Your auto.home should be (for example):
user1 front_end.local:/export/home/&
Were these systems upgraded to ROCKS 5.1?
Ian Kaufman
Research Systems Administrator
UC San Diego, Jacobs School of Engineering
I've just installed Rocks 5.1 and have similar problems.
useradd creates user home directories under /export/home.
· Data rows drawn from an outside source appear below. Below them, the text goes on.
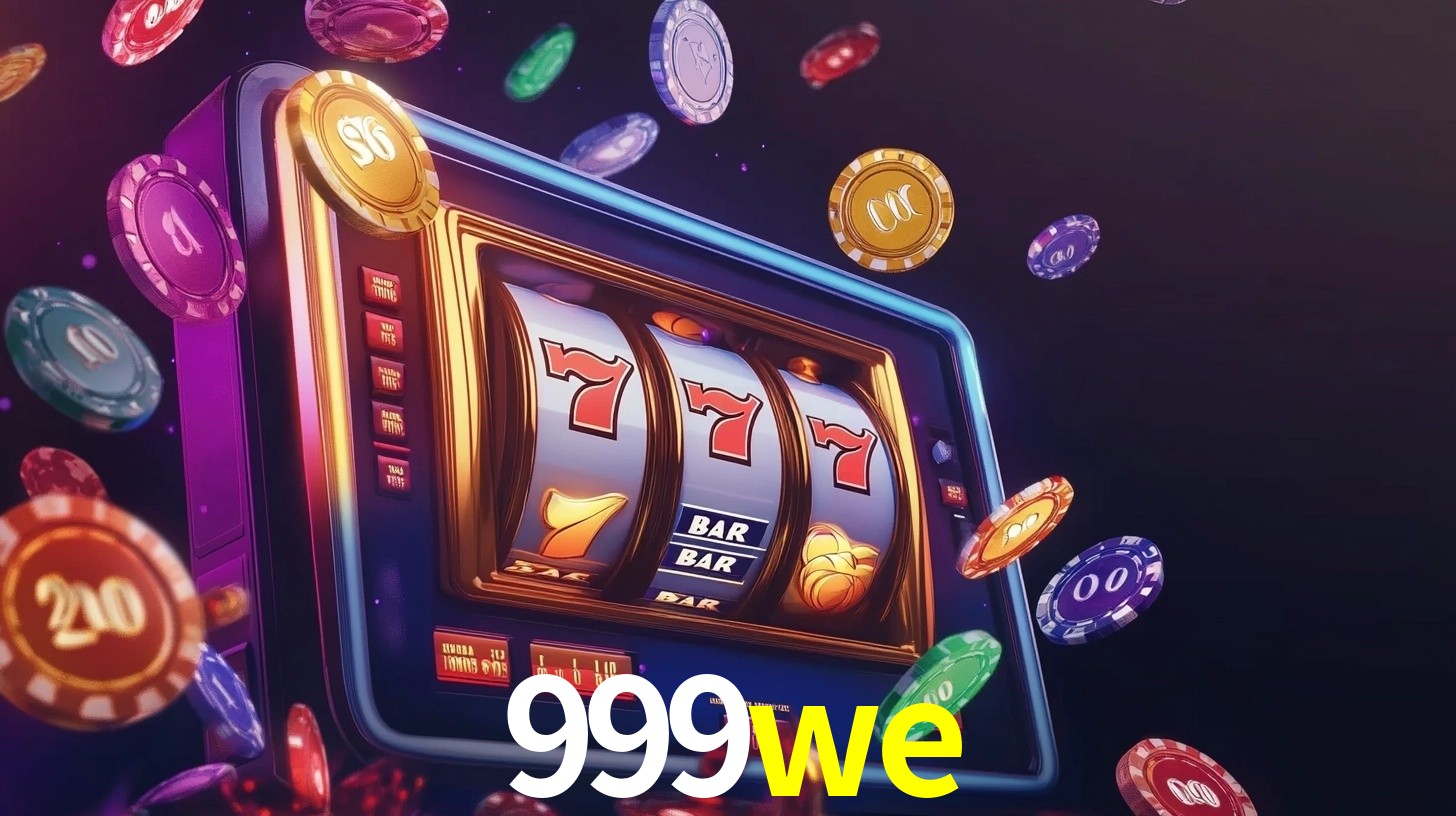 999we bet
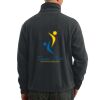 Value Fleece 1/4 Zip Pullover Thumbnail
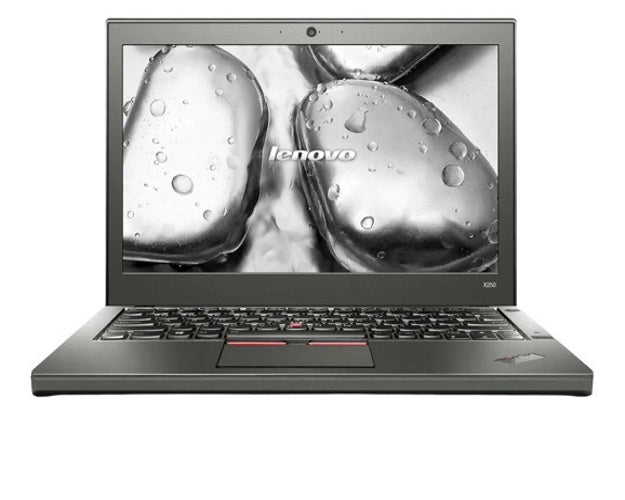 Notebook Lenovo ThinkPad x250 ultrabook 4GB RAM 256GB SSD 12,5" W11 Pro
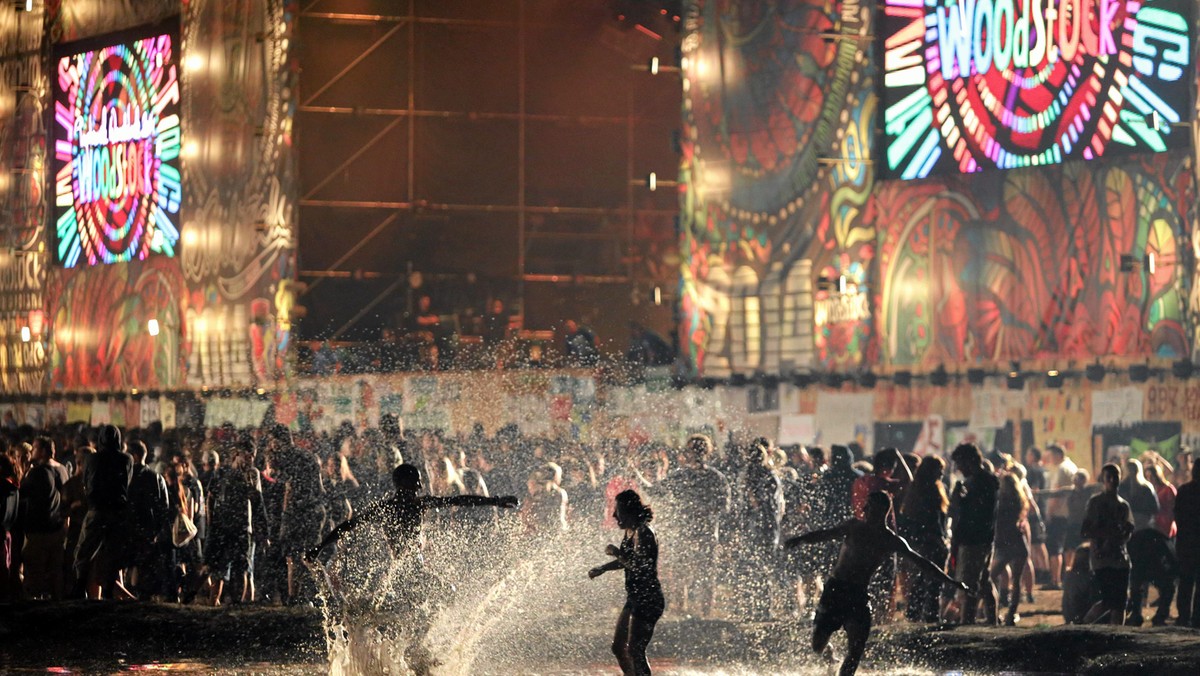 Przystanek Woodstock w 2015 roku odbędzie się na przełomie lipca i sierpnia w Kostrzynie nad Odrą (Lubuskie). Będzie to 21. edycja festiwalu. Wczoraj w Kostrzynie nad Odrą Jerzy Owsiak podziękował wielu osobom za pomoc przy organizacji tegorocznej imprezy.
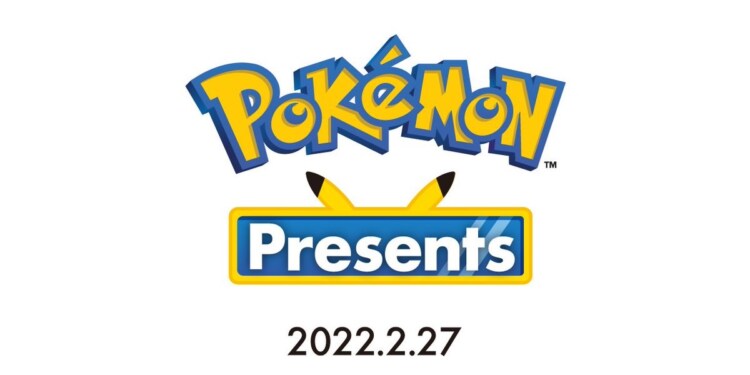 Pokémon Presents: nuovo evento annunciato per il 27 febbraio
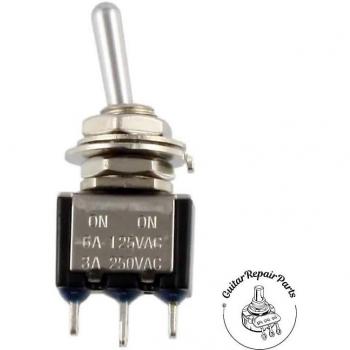 Allparts EP-0180-010 Guitar Pickup Set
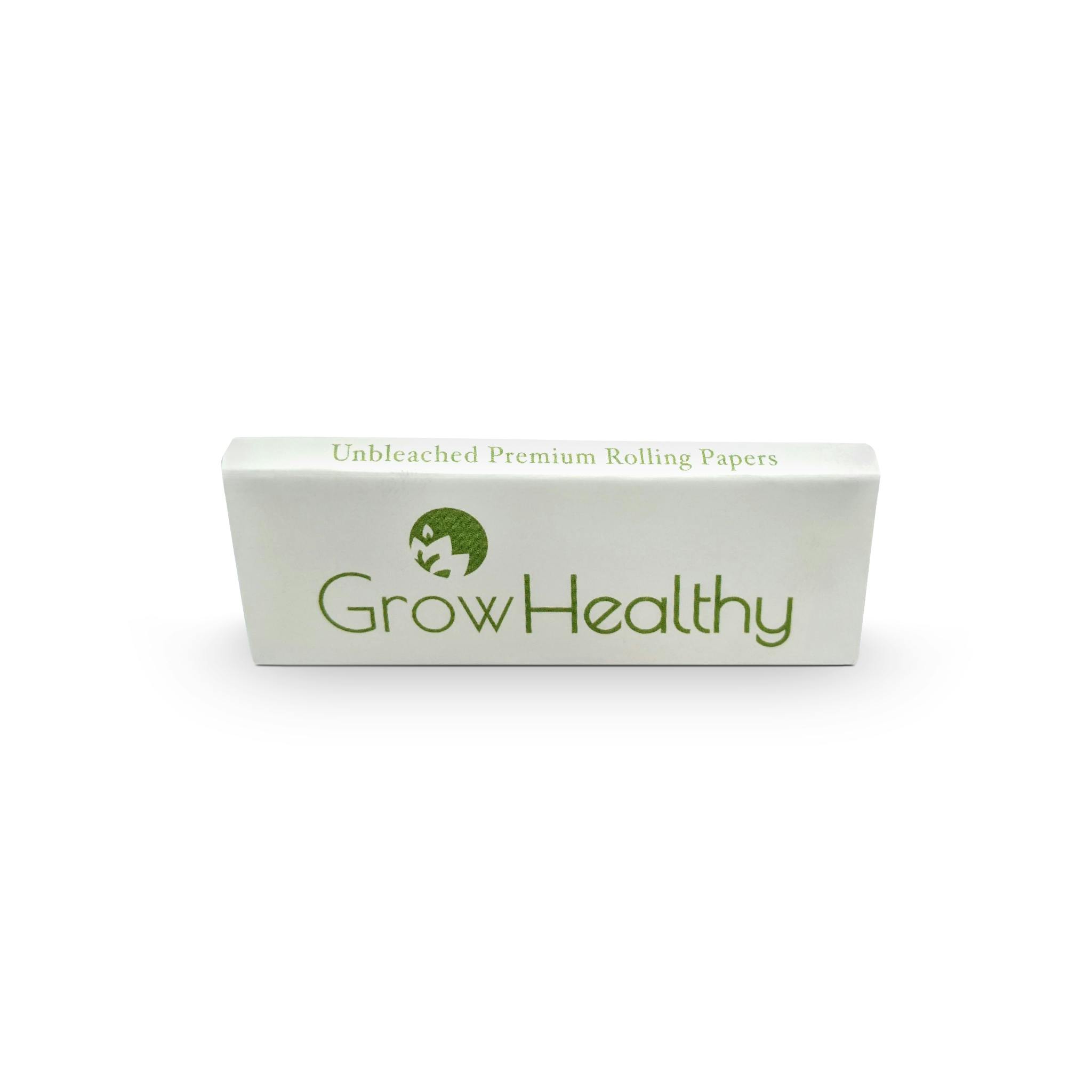 Rice Rolling Papers at GrowHealthy Dispensary - Ocala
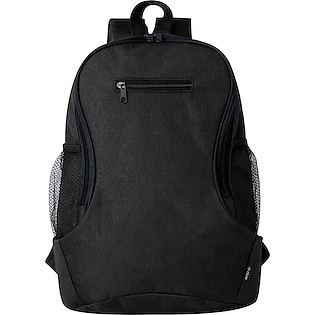 Rucksack Berkley - black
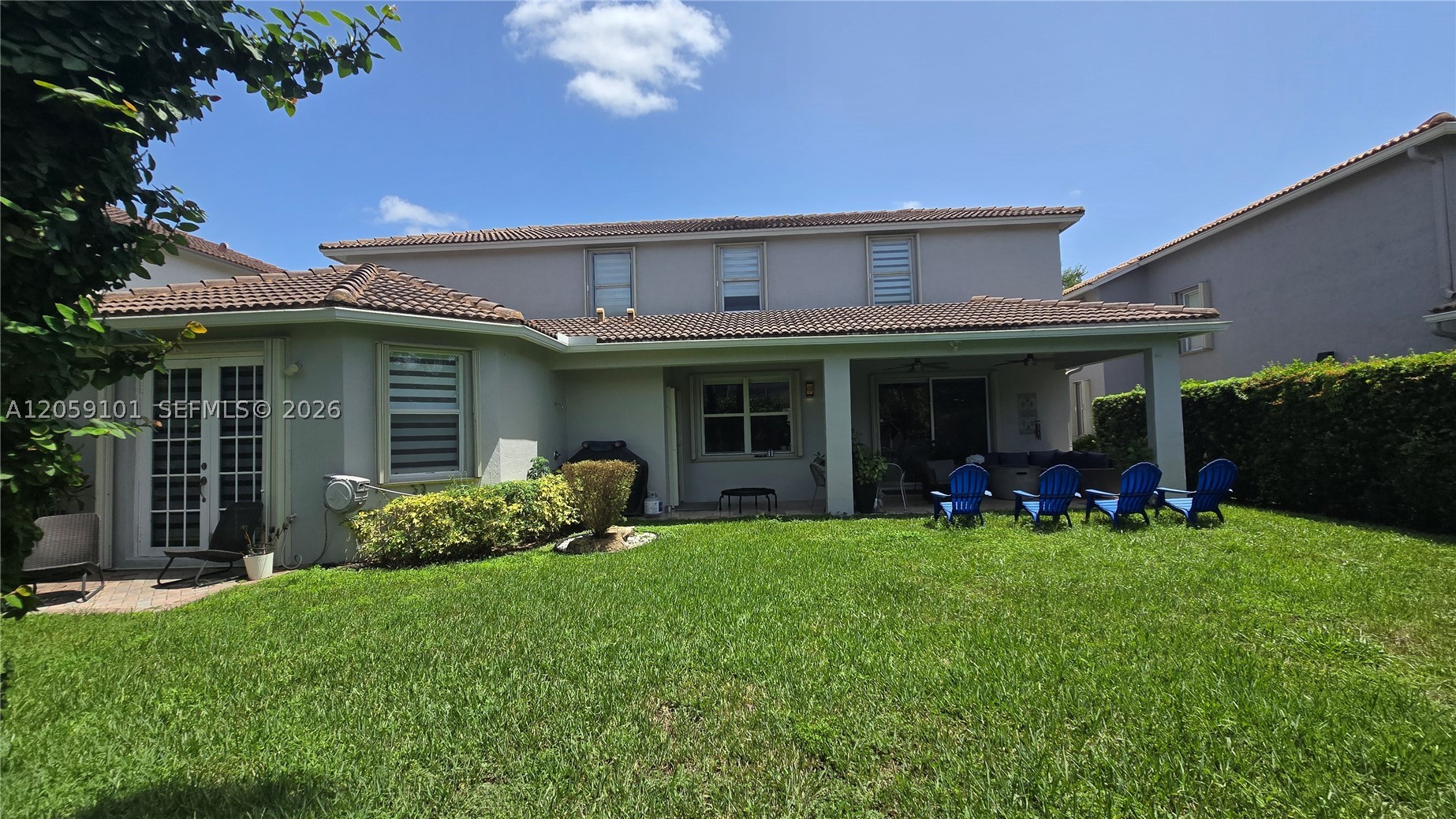 ISLES AT WESTON - Residential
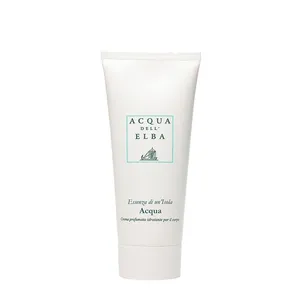 Acqua dell'Elba Water Body Lotion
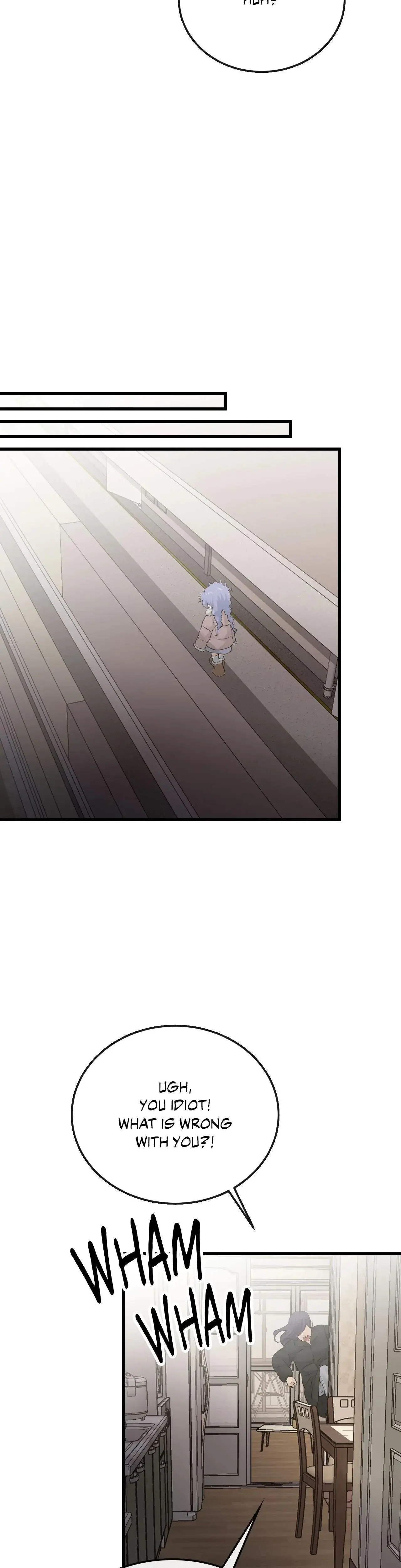 Where The Heart Is Chapter 54 - Page 26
Which isnt a problem as long as the directory gets exported by NFS, but it somehow doesnt.
--
WBR, Grigory Shamov
--- On Wed, 4/15/09, Kaufman, Ian <ikau...@soe.ucsd.edu> wrote:
On a new install, /export should be a symlink to /state/partition1
by default, and autofs should be configured to mount /home/user
using /export/home/user. Is autofs working correctly? Did you
run "rocks sync users"?
Ian Kaufman
Research Systems Administrator
UC San Diego, Jacobs School of Engineering
> -----Original Message-----
> From: npaci-rocks-dis...@sdsc.edu [mailto:npaci-rocks-
> discussio...@sdsc.edu] On Behalf Of Grigory Shamov
> Sent: Wednesday, April 15, 2009 10:37 AM
> To: Discussion of Rocks Clusters
> Subject: Re: [Rocks-Discuss] can't find /exports/home on compute
> nodes
>
>
try:
# rocks sync users
then, on a compute node, send us the output of:
# cat /etc/auto.home
- gb
I've added one user and did rocks sync users. If I mount /export manually on the nodes, there is no problem -- I can ssh w/o passowrd etc.
How do I check if autofs works correctly?
It seem to have entries for the user in its /etc/auto.* files.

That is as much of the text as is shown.